WORKING DATA =>
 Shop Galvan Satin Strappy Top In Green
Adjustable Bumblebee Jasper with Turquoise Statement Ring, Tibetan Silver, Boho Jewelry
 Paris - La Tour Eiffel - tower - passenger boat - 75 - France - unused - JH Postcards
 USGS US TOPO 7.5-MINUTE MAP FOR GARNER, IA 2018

...

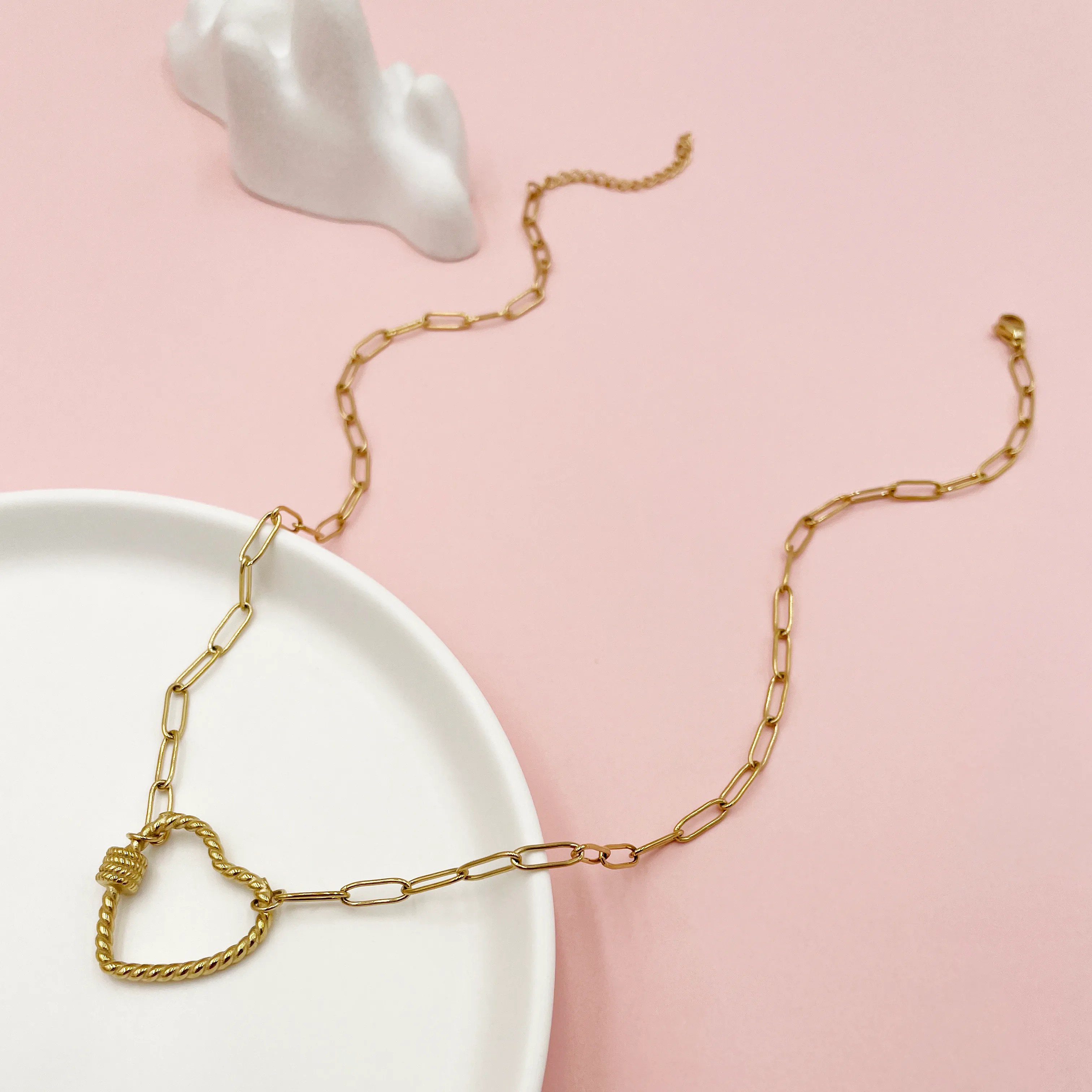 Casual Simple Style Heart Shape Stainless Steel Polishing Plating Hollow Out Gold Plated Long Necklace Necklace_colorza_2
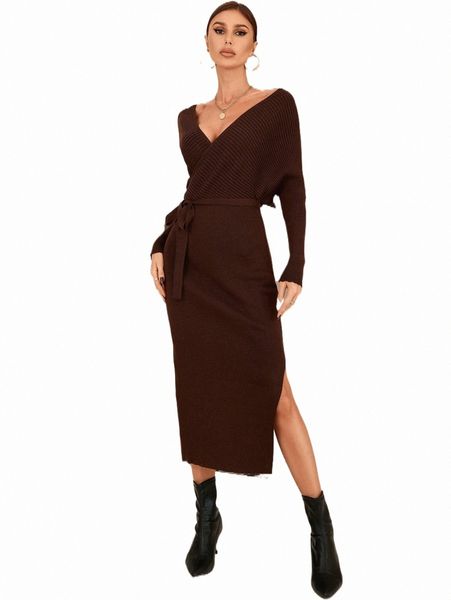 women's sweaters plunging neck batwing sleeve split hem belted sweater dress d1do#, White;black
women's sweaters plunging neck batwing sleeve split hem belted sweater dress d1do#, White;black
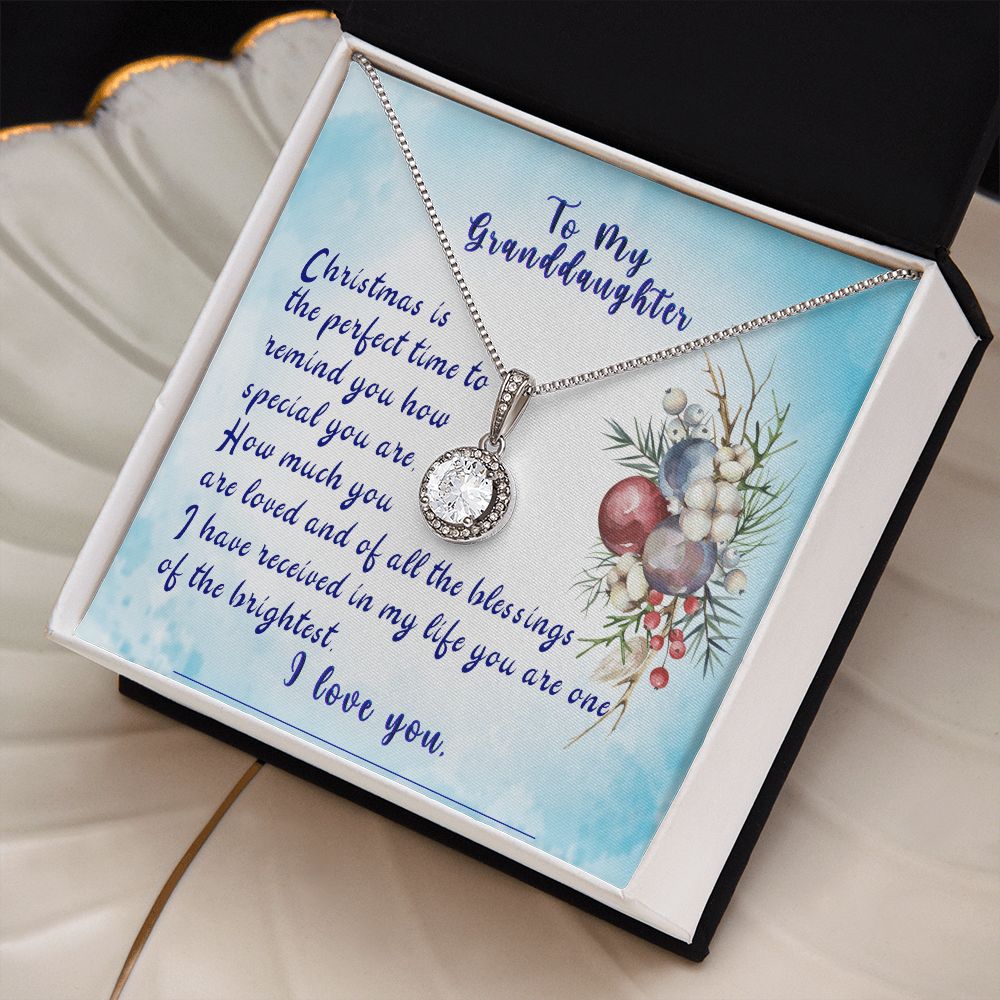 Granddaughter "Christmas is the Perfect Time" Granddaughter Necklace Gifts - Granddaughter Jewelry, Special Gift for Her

PROBLEM TO SOLVE =>
Output the lines above between the one holding "Shop Galvan Satin Strappy Top In Green" and the one holding "Paris - La Tour", inclusive, with nothing before or after them.

RESPONSE =>
 Shop Galvan Satin Strappy Top In Green
Adjustable Bumblebee Jasper with Turquoise Statement Ring, Tibetan Silver, Boho Jewelry
 Paris - La Tour Eiffel - tower - passenger boat - 75 - France - unused - JH Postcards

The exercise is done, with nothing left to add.